How Did A Rare, Vomit-Inducing Parasite Infect The Water Supply For 300,000 People?

How Did A Rare, Vomit-Inducing Parasite Infect The Water Supply For 300,000 People?

More than 300,000 households in Lancashire, England have been warned to boil their water recently to kill any traces of Cryptosporidium, the BBC reports. The nasty livestock parasite, which surfaced last week, probably came from a rotting animal carcass or faeces, according to The Guardian. Lovely.

Cryptosporidium is a parasite found in livestock that occasionally makes its way into humans through our drinking water. It’s one of those nasty critters we usually lump into the “24 hour stomach bug” category, with symptoms of infection including diarrhoea and vomiting. In rare instances, Crypto will lead to severe complications in children and adults with weakened immune systems.

Traces of Crypto were first discovered in Lancashire on August 6th during routine testing at a water treatment plant. Immediately after the bug was detected, the water firm United Utilities issued a warning to customers throughout the county, asking residents to boil their water for drinking, eating, and even tooth brushing until further notice. Water samples have improved since last week, but traces of the bug remain, and residents are being asked to stay vigilant.

Crypto does crop up pretty regularly in underdeveloped countries where livestock manure seeps directly into urban water supplies. Being highly resistant to chlorine, it’s also one of the main bugs you can catch at your local swimming pool. (Please, for the love of God, don’t let your kids poop in the water. It’s a health hazard.).

But in the modern world of sophisticated water treatment centres, filters typically remove most parasite-sized particles, and an outbreak of this scale is pretty rare: There have only been two other, relatively small bouts of Crypto in the UK water mains since 2000, according to The Guardian. Still, it only takes a couple parasites slipping through the filtration system to cause a public health disaster, as evidenced by a notorious 1993 outbreak in Milwaukee, in which 400,000 people were infected by a single water plant. That was the largest waterborne disease outbreak in US history, by the way.
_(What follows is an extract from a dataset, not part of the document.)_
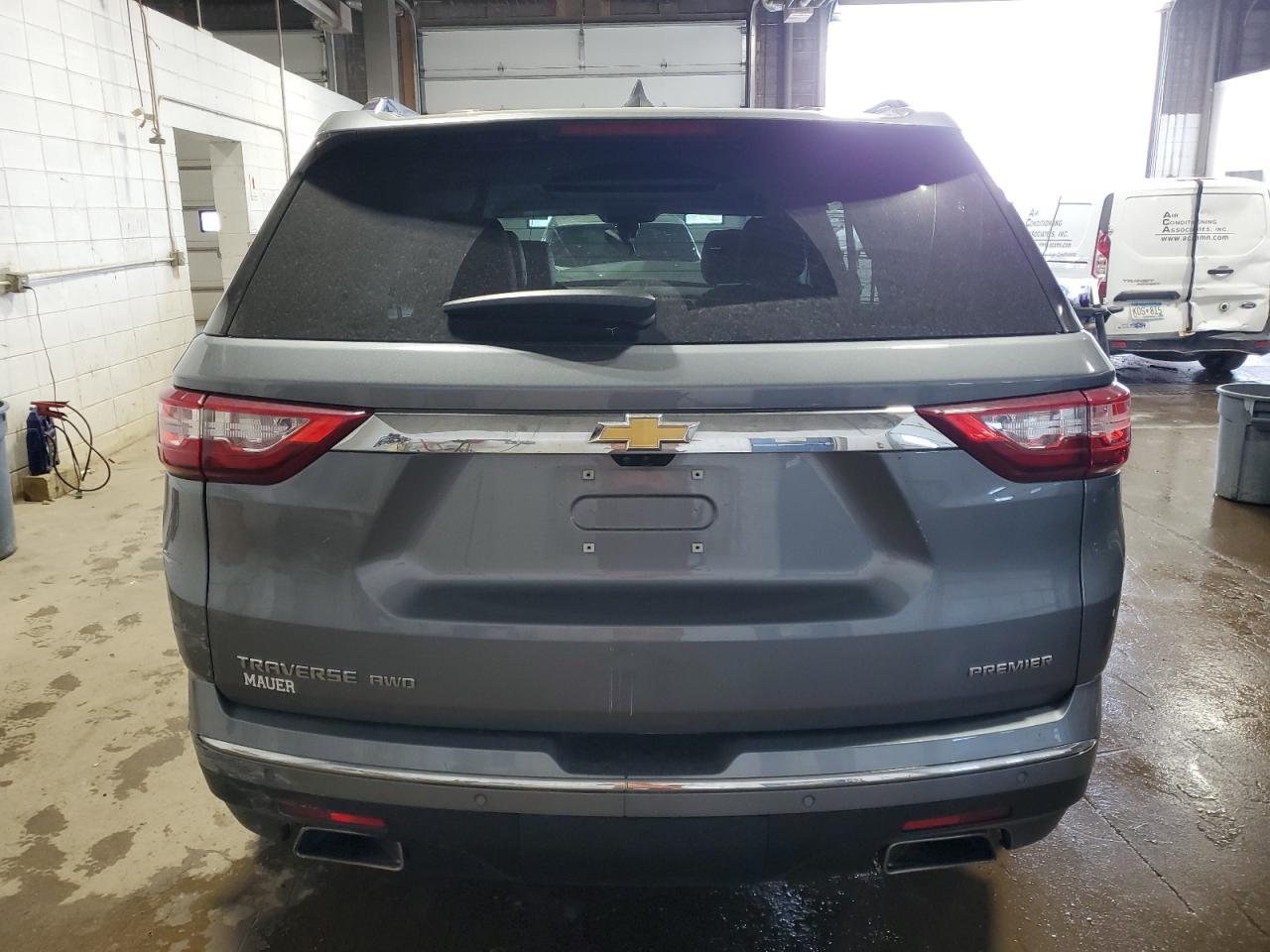 2021 Chevrolet Traverse Premier - Фото 6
That’s why the recent contamination is being taken so seriously. (There haven’t been any confirmed cases of sickness, but with an incubation period of up to a week, public health officials warn that residents could start falling ill in the days ahead). An investigation into the original source of the contamination could lead to criminal charges and fines against the water companies at fault, The Guardian reports. Meanwhile, panic-stricken residents who’ve watched a few too many bio-disaster movies spent last week clearing out bottled water shelves at supermarkets across Lancashire, or hawking water for a premium on the internet.